Problem statement: Return the following from the records below: each line, word for word, starting with the line that contains "Mercedes-Benz E 350" and going on through the line that contains "ATR 125, the", with nothing outside that range.

[Supplied information Boundary: Start]

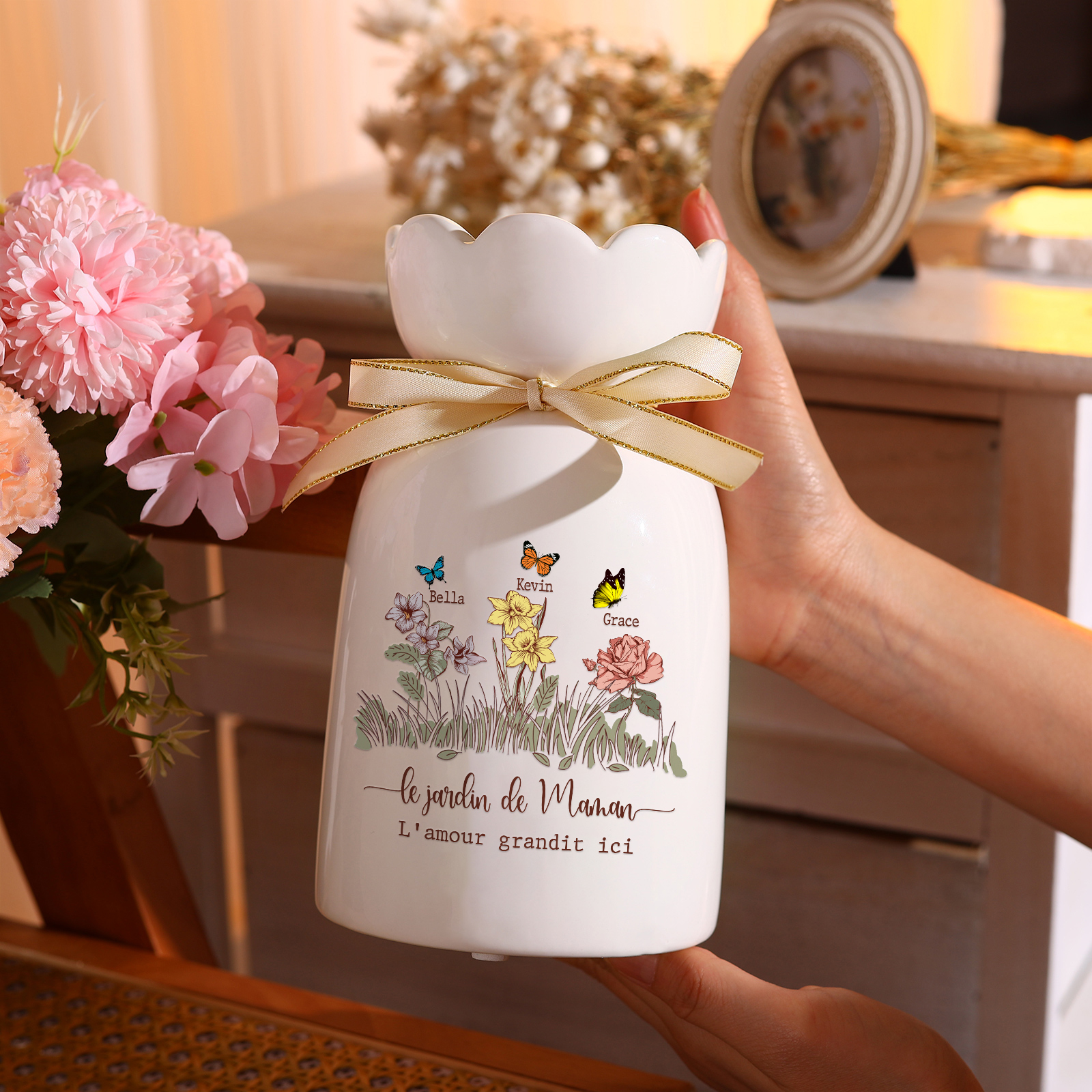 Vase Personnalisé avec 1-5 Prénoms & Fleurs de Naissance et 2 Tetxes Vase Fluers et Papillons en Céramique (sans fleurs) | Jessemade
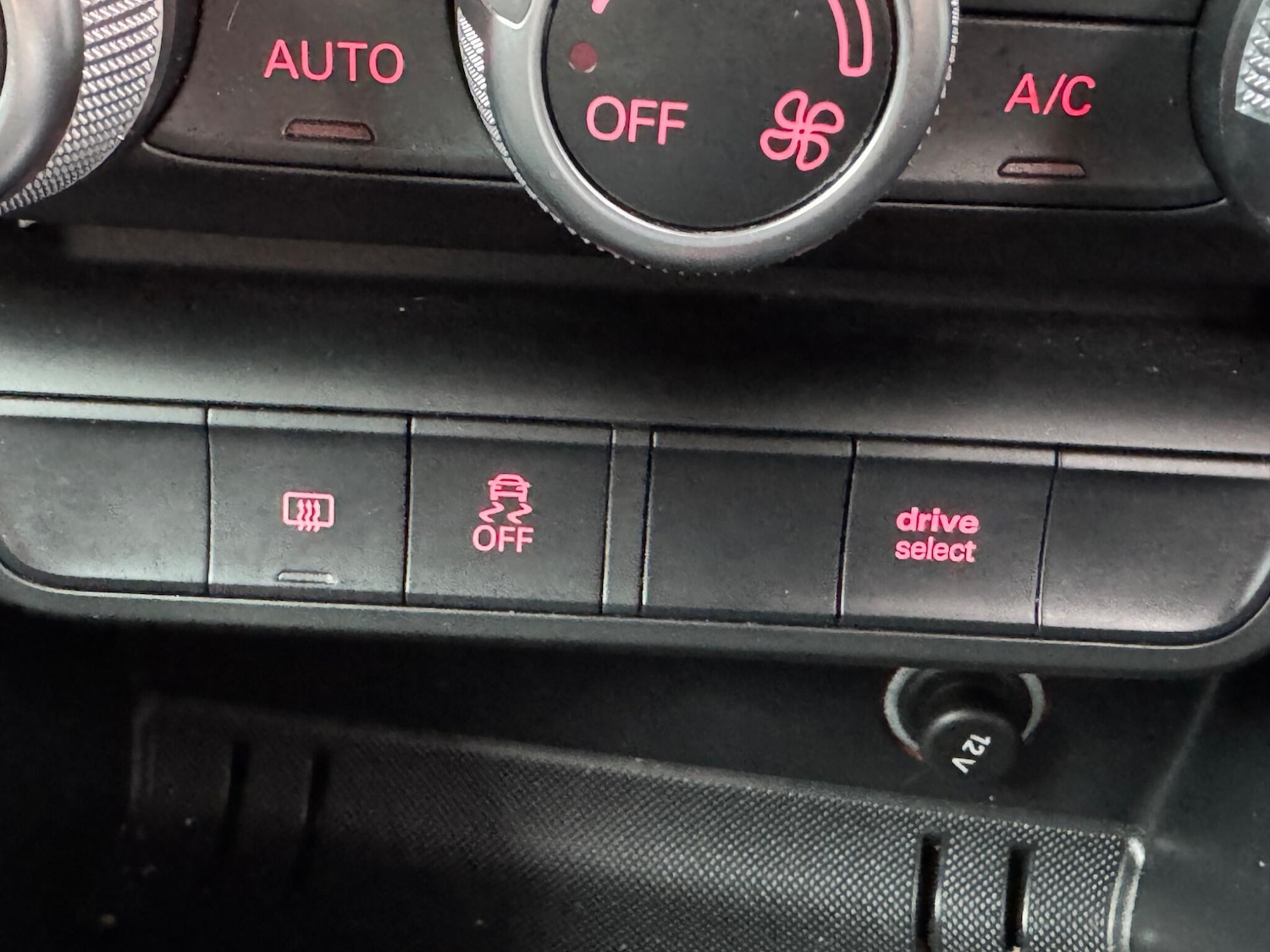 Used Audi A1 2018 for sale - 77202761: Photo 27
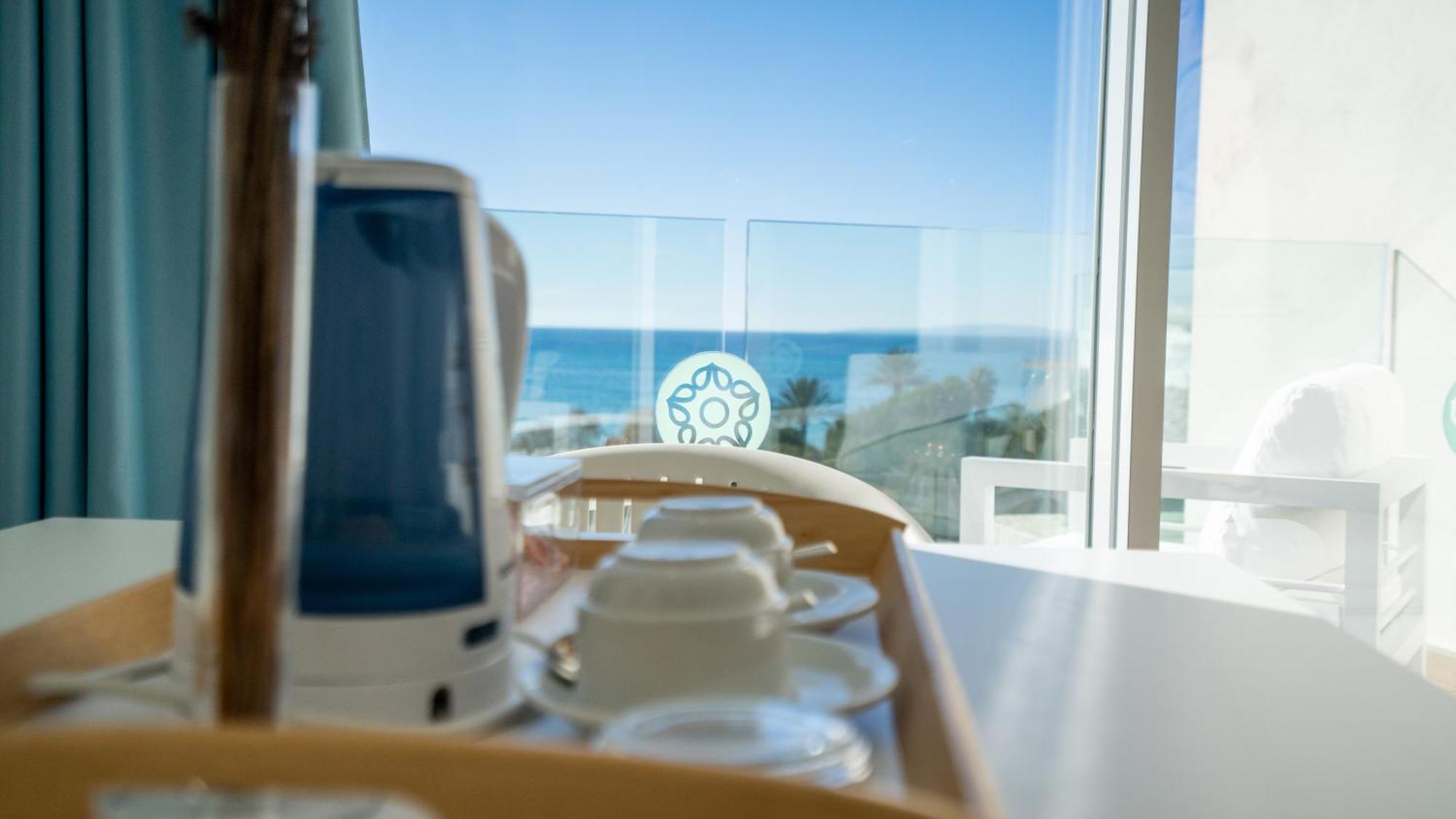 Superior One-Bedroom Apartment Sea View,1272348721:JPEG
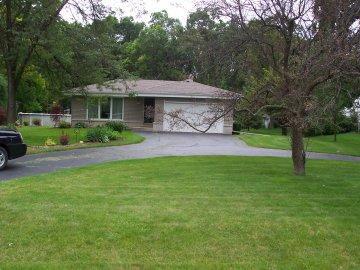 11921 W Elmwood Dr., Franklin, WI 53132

[Supplied information Boundary: End]
[Supplied information Boundary: Start]

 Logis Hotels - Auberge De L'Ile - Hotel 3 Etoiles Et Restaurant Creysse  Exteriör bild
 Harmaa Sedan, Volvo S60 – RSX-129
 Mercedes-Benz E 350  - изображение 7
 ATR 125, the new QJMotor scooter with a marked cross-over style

[Supplied information Boundary: End]

Written response:
 Mercedes-Benz E 350  - изображение 7
 ATR 125, the new QJMotor scooter with a marked cross-over style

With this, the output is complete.